The baseline machine with N45UH magnets is the most expensive at GBP 447, followed by the PMaSynRM with the same magnets, as it requires more active material to meet peak torque. Increased use of electrical steel and multiple flux barriers adds to the cost through higher scrap mass. Machines using recycled magnets offer significant cost savings while maintaining similar performance to the baseline. Ferrite-based machines are slightly cheaper due to lower ferrite prices, but they require more active material to achieve equivalent torque. The WFSM, at GBP 220, is the least expensive due to its omission of PMs and moderate material use. However, machines with reduced or non-primary NdFeB magnets show only minor cost savings, raising concerns about their justification given potential performance trade-offs, particularly in peak power. Figure 25 shows the estimated material costs for each active material constituent in each machine.

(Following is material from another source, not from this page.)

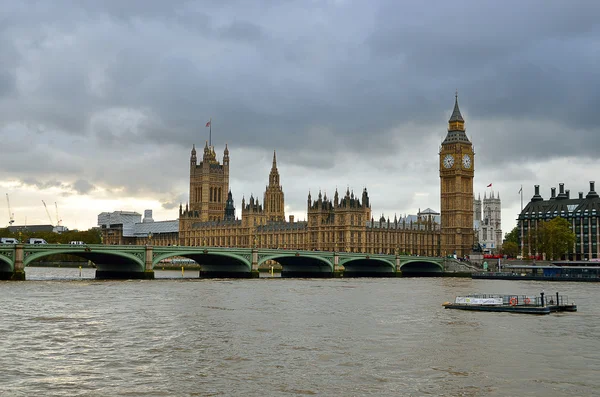 Big ben e casas do parlamento, Londres, Reino Unido — Fotografia de Stock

Figure 26 shows the integral of peak and continuous performances per unit cost of the machines. This is also an indicator of whether the machine is thermally limited in the difference between the peak and continuous values. The best machine for peak performance per unit cost is the WFSM. However, this machine is thermally constrained by a substantial margin, with the area of the peak curve almost twice that of the continuous curve. Due to a greater length and mediocre performance, this resulted in a lower power per unit cost. Interestingly, the base machine with recycled magnets presents itself as the best option per unit cost for continuous performance due to a substantially better continuous performance than the other topologies, whilst at a moderate cost. The PMaSynRM with ferrite magnets is inferior in both peak and continuous performance relative to cost, due to its longer axial length.

5.2. Research Credibility

Similarities between the results in this research project and other works add to the credibility and validation of the research. The results agree with the conclusion in [82] that the torque density of PM machines is much higher than WFSM machines. Thermally, a higher rotor temperature in the WFSM and copper loss roughly double that of the PMSM is also agreed upon. Mechanically, the same stress concentration areas are found [70]. However, due to smoother radii, the stress reaches much lower peaks. Study [71] compared multiple topologies, including a PMSM and a WFSM (of the same template) with similar calculation settings. Whilst the peak performances do not match those of the study, continuous performance is very similar despite using water jacket cooling. Specifically, the PM machine generates substantially higher continuous torque but is overtaken at high rotational speed. In the continuous power curve, the PMSM drops steeply in power production at high speed. Adding to similarities, the shapes of each efficiency map are very similar, the WFSM is heavier, the PMSM achieves slightly higher efficiency, and the losses are higher for the WFSM. In the performance difference between the PMaSynRM and the PMSM, ref. [48] also finds a higher advance angle for the PMaSynRM due to higher reluctance torque. Additionally, magnet reduction between the two machines is similar at 63% in their study and 55% in this study.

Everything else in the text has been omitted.